> _Problem requirements_:
Return the material below exactly, but only from the line with "The purpose of" through the line with "We're going to", and without its pictures.

> _Records provided_:
****

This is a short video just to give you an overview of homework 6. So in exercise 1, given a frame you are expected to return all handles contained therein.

****

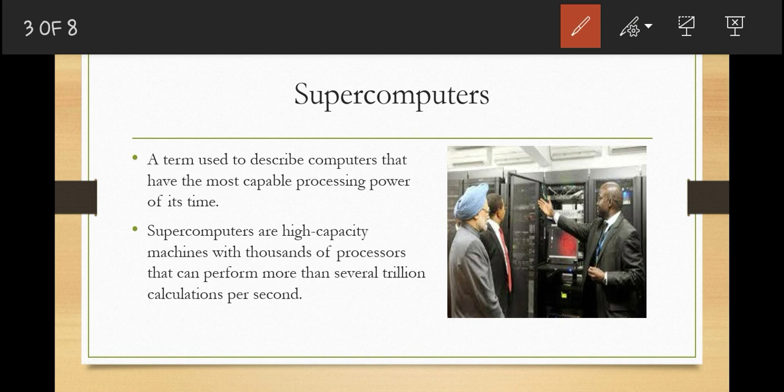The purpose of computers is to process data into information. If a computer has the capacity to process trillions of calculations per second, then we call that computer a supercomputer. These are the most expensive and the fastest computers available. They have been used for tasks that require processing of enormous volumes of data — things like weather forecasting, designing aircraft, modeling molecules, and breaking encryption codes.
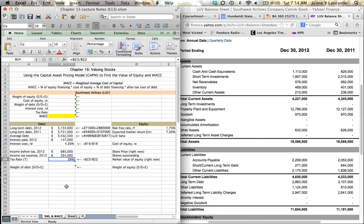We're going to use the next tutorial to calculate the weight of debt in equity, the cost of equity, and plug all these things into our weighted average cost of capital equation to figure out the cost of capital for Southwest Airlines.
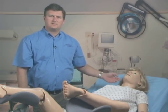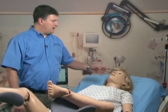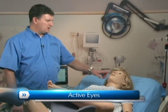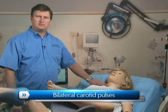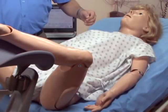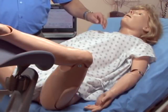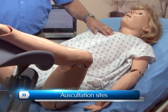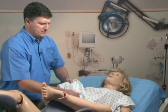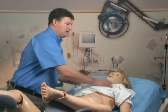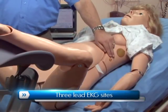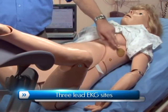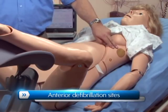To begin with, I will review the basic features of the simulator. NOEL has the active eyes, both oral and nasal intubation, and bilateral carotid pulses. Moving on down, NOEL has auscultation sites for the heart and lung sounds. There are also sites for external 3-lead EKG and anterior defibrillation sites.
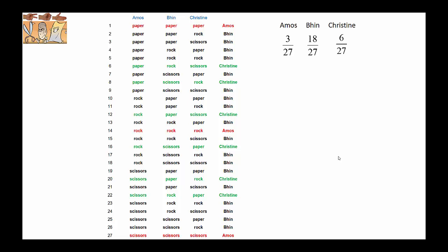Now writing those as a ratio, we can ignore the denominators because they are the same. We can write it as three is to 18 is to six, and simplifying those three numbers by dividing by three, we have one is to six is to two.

****

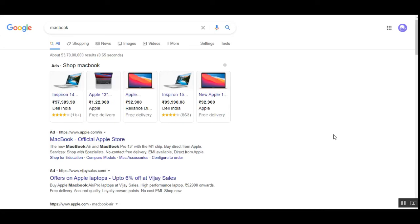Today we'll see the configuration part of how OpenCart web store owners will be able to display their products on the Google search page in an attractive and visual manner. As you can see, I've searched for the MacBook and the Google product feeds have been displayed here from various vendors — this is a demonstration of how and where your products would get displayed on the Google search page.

****

> _Reply to the task_:
The purpose of computers is to process data into information. If a computer has the capacity to process trillions of calculations per second, then we call that computer a supercomputer. These are the most expensive and the fastest computers available. They have been used for tasks that require processing of enormous volumes of data — things like weather forecasting, designing aircraft, modeling molecules, and breaking encryption codes.
We're going to use the next tutorial to calculate the weight of debt in equity, the cost of equity, and plug all these things into our weighted average cost of capital equation to figure out the cost of capital for Southwest Airlines.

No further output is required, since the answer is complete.